Hydrologues reconnus, notamment primés par l’Association Internationale des Sciences Hydrologiques (AISH), Vazken Andréassian et Jean Margat proposent avec cet ouvrage une lecture vulgarisée de la composante géopolitique de l’eau.

La très bonne introduction met en appétit en entamant sur les liens étymologiques entre rives, rivières, rivaux, rivalités…et en présentant les multiples propriétés de l’eau, notamment son caractère exclusif sur de nombreux points (« le seul élément naturel qui… »). On sent que le ton sera clair et le propos richement illustré.

La première partie est sans doute celle qui rend le mieux hommage au titre en s’intéressant aux frontières « physiques et humaines » de l’eau. On y trouve une justification intéressante sur l’idée que la maîtrise des emplacements des sources des fleuves et des rivières par nos élèves est à relativiser puisque ces sources peuvent être multiples et que la plus en amont n’est pas nécessairement la plus abondante ne fournissant en cela qu’une part minime du débit total du bassin.

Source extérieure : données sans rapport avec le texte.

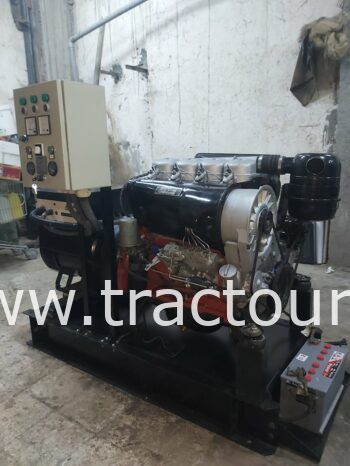 À vendre Groupe électrogène 4 cylindres Deutz type F4L912 génératrice Leroy Somer 42 kVA 60 A complet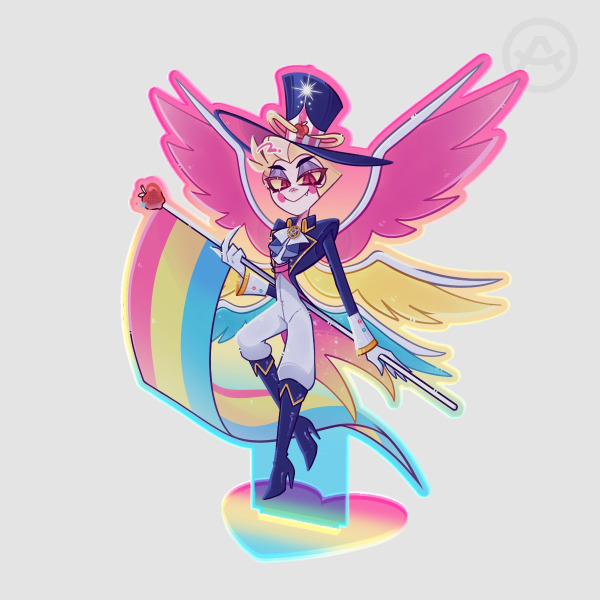 Pride Lucifer || 15cm Standee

Toujours pour servir nos cours de géographie, la carte des « (34) bassins versants plurinationaux dans le monde » de la page 23 montre avec simplicité comment « la nature établit les limites des bassins versants et les hommes établissent les frontières politiques ».

Enfin, le thème des frontières fluviales (et même lacustres) montre que la question des tracés ne coule pas de source (condominium, limite à la rive, limite à la ligne médiane, limite au thalweg) et qu’il s’agit bien de choix humains.

Dans une seconde partie aux passages un peu techniques sur la ressource en eau, on apprend notamment que 35 % des écoulements naturels mondiaux sont communs à plusieurs pays d’où le recours à des indices de « dépendance » et d’« émission » mis en valeur par deux bonnes cartes page 41 (dommage finalement que les fleuves n’y figurent pas).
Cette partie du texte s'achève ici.